If the underlying stream emits an `error` event or the given data contains
any data that can not be represented as a valid NDJSON stream,
it will emit an `error` event and then `close` the input stream:
```php
$stream->on('error', function (Exception $error) {
// an error occured, stream will close next
});
```
If either the underlying stream or the `Encoder` is closed, it will forward
the `close` event:
```php
$stream->on('close', function () {
// stream closed
// possibly after an "end" event or due to an "error" event
});
```
The `end(mixed $data = null): void` method can be used to optionally emit
any final data and then soft-close the `Encoder` and its underlying stream:
```php
$stream->end();
```
The `close(): void` method can be used to explicitly close the `Encoder` and
its underlying stream:
```php
$stream->close();
```
For more details, see ReactPHP's
[`WritableStreamInterface`](https://github.com/reactphp/stream#writablestreaminterface).
## Install
The recommended way to install this library is [through Composer](https://getcomposer.org).
[New to Composer?](https://getcomposer.org/doc/00-intro.md)
This project follows [SemVer](https://semver.org/).
This will install the latest supported version:
```bash
$ composer require clue/ndjson-react:^1.2
```
See also the [CHANGELOG](CHANGELOG.md) for details about version upgrades.

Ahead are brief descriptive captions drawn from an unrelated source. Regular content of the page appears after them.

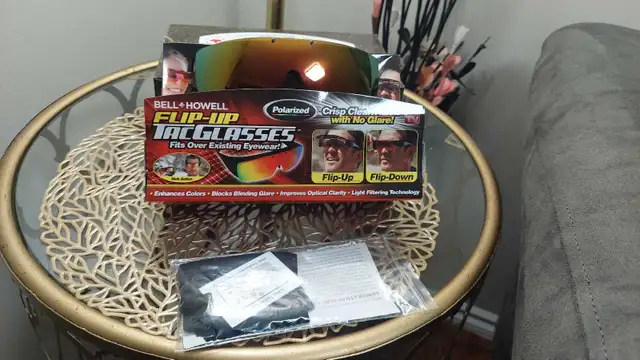 Tac flip glasses in Other in Winnipeg - Image 6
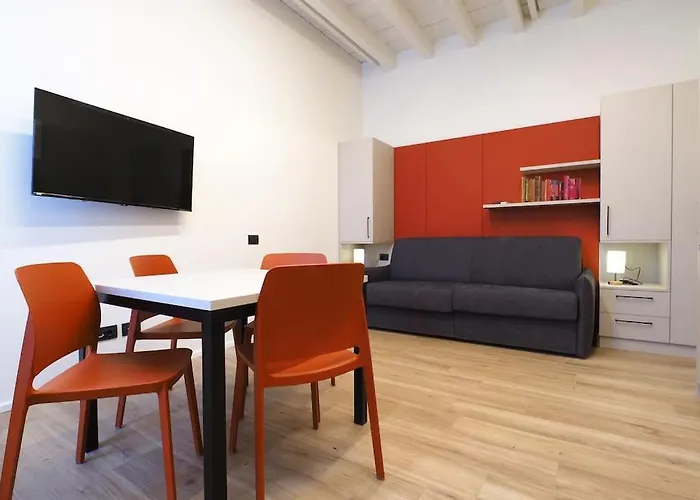 La Casa Di Ringhiera Porta Venezia *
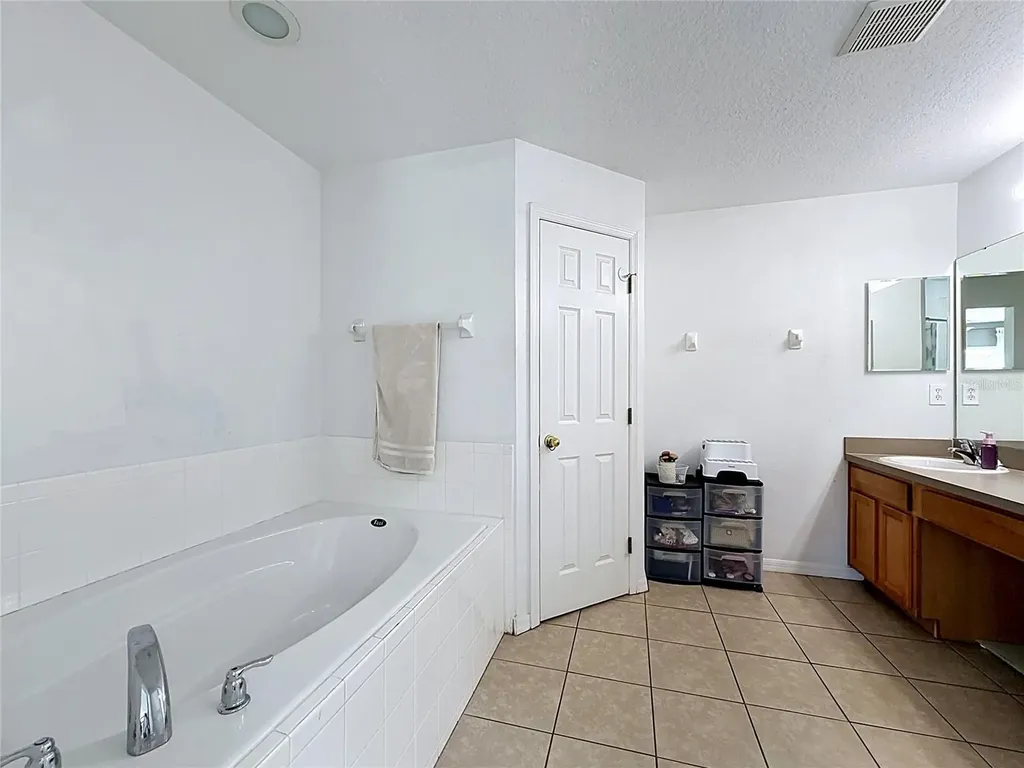 1930 Dolphin Drive Kissimmee FL 34759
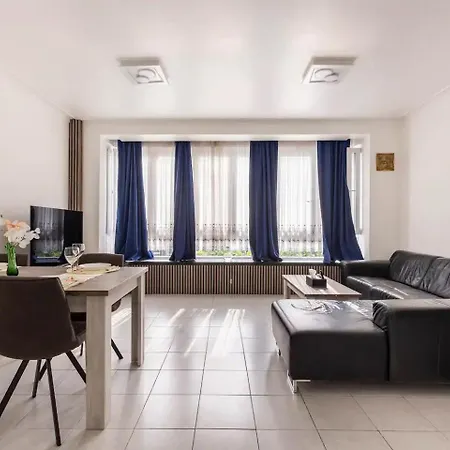 Sweet 1 Double And 2 Single Beds Apartament *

This project aims to run on any platform and thus does not require any PHP
extensions and supports running on legacy PHP 5.3 through current PHP 8+ and
HHVM.
It's *highly recommended to use PHP 7+* for this project.
## Tests
To run the test suite, you first need to clone this repo and then install all
dependencies [through Composer](https://getcomposer.org):
```bash
$ composer install
```
To run the test suite, go to the project root and run:
```bash
$ php vendor/bin/phpunit
```
## License
This project is released under the permissive [MIT license](LICENSE).
> Did you know that I offer custom development services and issuing invoices for
sponsorships of releases and for contributions? Contact me (@clue) for details.
## More
* If you want to learn more about processing streams of data, refer to the documentation of
the underlying [react/stream](https://github.com/reactphp/stream) component.
* If you want to process compressed NDJSON files (`.ndjson.gz` file extension),
you may want to use [clue/reactphp-zlib](https://github.com/clue/reactphp-zlib)
on the compressed input stream before passing the decompressed stream to the NDJSON decoder.
* If you want to create compressed NDJSON files (`.ndjson.gz` file extension),
you may want to use [clue/reactphp-zlib](https://github.com/clue/reactphp-zlib)
on the resulting NDJSON encoder output stream before passing the compressed
stream to the file output stream.
* If you want to concurrently process the records from your NDJSON stream,
you may want to use [clue/reactphp-flux](https://github.com/clue/reactphp-flux)
to concurrently process many (but not too many) records at once.
* If you want to process structured data in the more common text-based format,
you may want to use [clue/reactphp-csv](https://github.com/clue/reactphp-csv)
to process Comma-Separated-Values (CSV) files (`.csv` file extension).